On the plus side, this movie finally gave Halle Berry, as Ororo/Storm, something to do. It seemed a waste to have such a high caliber actress reduced to the sidelines and not given enough screen time. The down side is how they reduced the cast of characters in order to make room for her. Maybe it was just me, but the art seemed especially bleak, as if the filmmakers went out of their way to drain the color, the joy, out of the franchise. To say that some of the characters, Kitty (Ellen Page) and Peter/Colossus (Daniel Cudmore), were under-developed implies they were developed at all. Even the latest addition, Angel (Ben Foster), was more symbol than character.
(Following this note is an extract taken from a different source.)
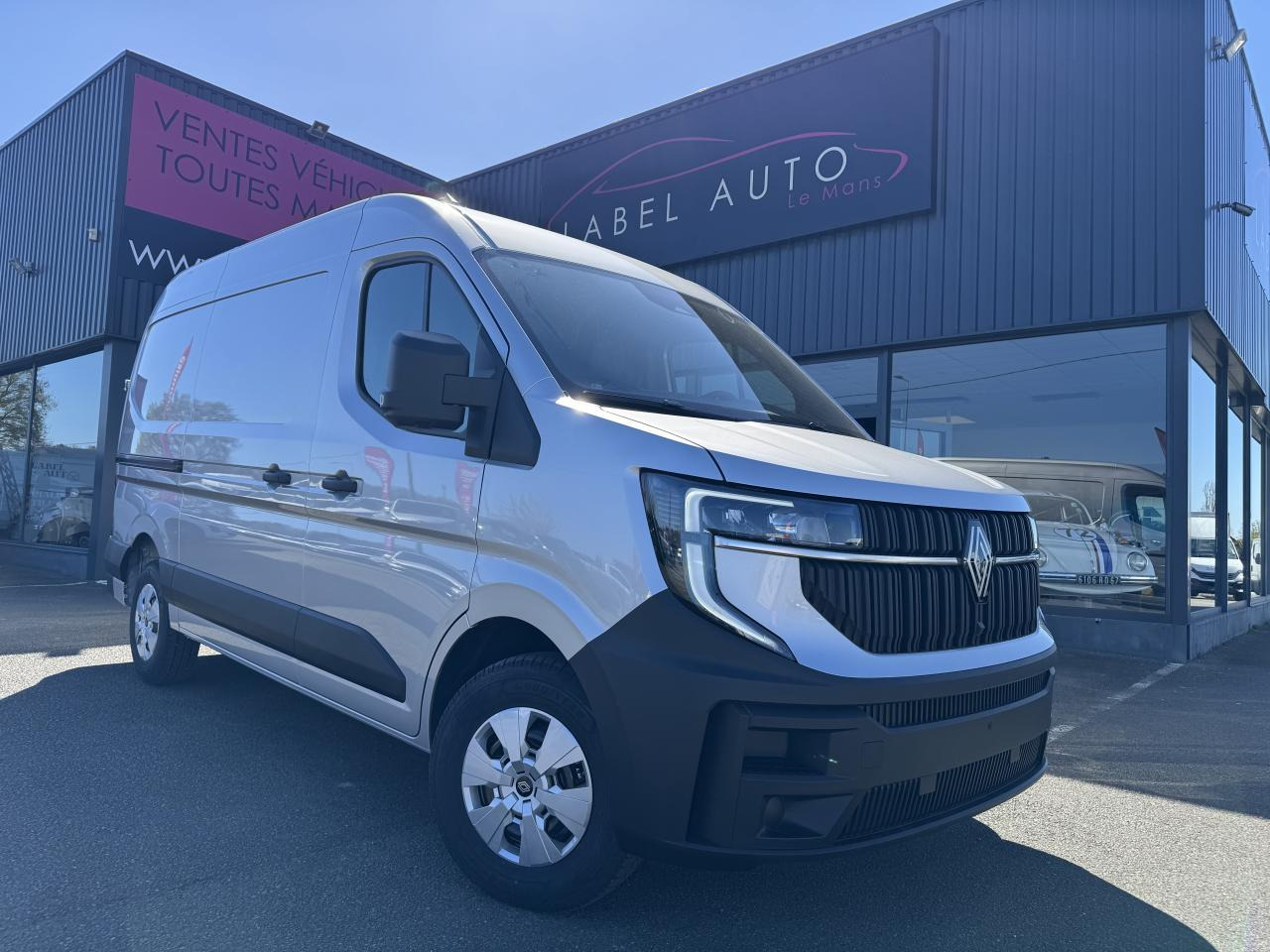 RENAULT Master Advance 3t3 L2H2 2.0 Blue dCi - 150 2025 IV FOURGON Fourgon L2H2 Traction - Furgão: foto 1 RENAULT Master Advance 3t3 L2H2 2.0 Blue dCi - 150 2025 IV FOURGON Fourgon L2H2 Traction - Furgão: foto 1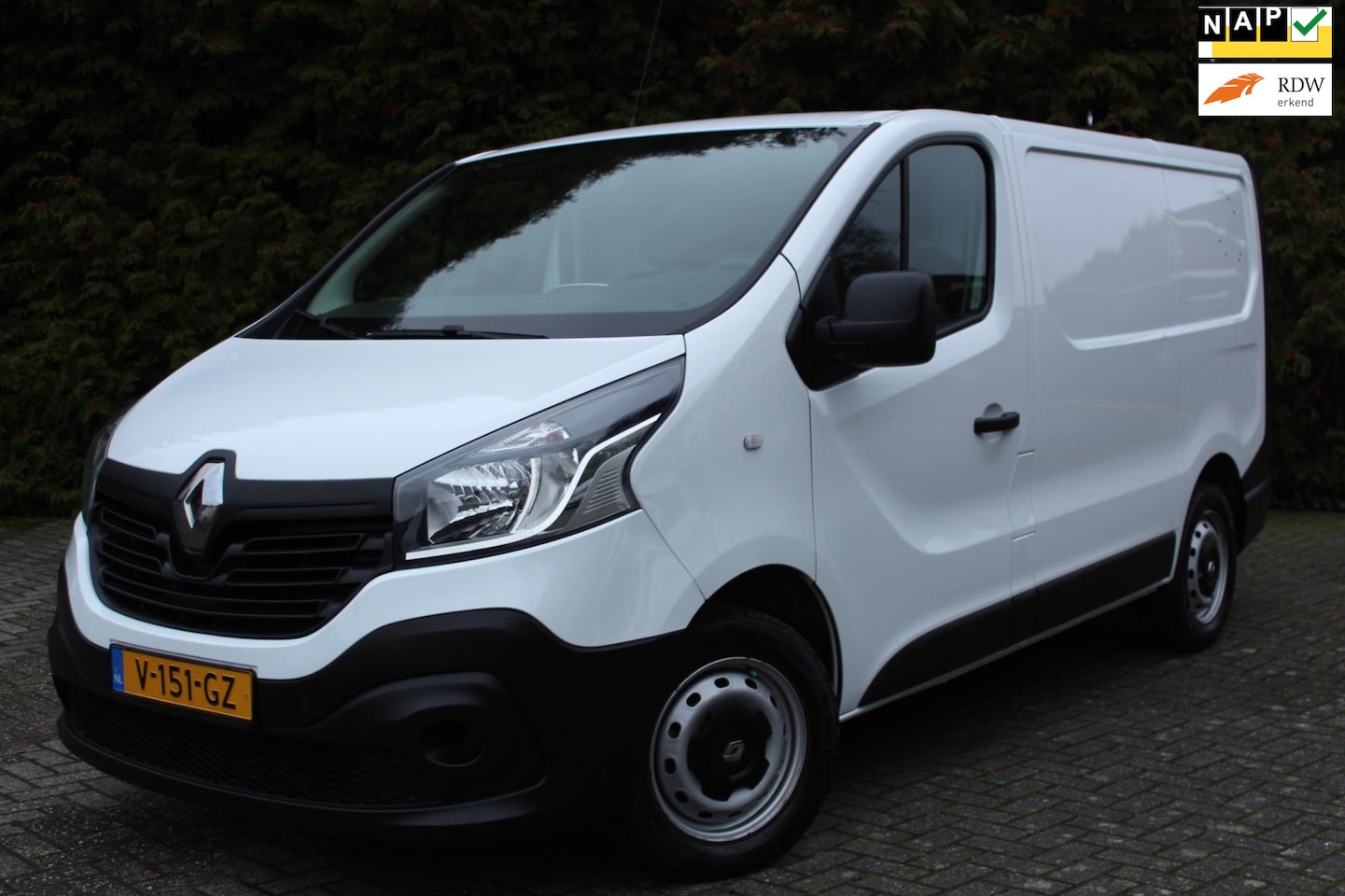 Renault Trafic - 1.6 dCi T27 L1H1 Comfort 95PK | Airco | Cruise Control | PDC | Elektrische ramen & spiegel - AutoWereld.nl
The movie has several nods to X-Men geeks (read: my people). They do a tribute to the Days of Future Past comic book storyline in the Danger Room, where the team practices how to use their powers in combat. They give us flashes of Sentinels, a tease of a story that could have been. They throw in new characters such as Dr. Hank McCoy/The Beast (brilliantly performed by Kelsey Grammar), Callisto (Dania Ramirez), and Cain Marko/the Juggernaut (Vinnie Jones, who delivers a line familiar to those who have seen his internet video clip). The movie crams a lot of new mutants into it, but doesn’t take the time to tell any of their stories and allow us to connect to them. In fact, the movie is full of cool moments that don’t quite come together as a compelling story.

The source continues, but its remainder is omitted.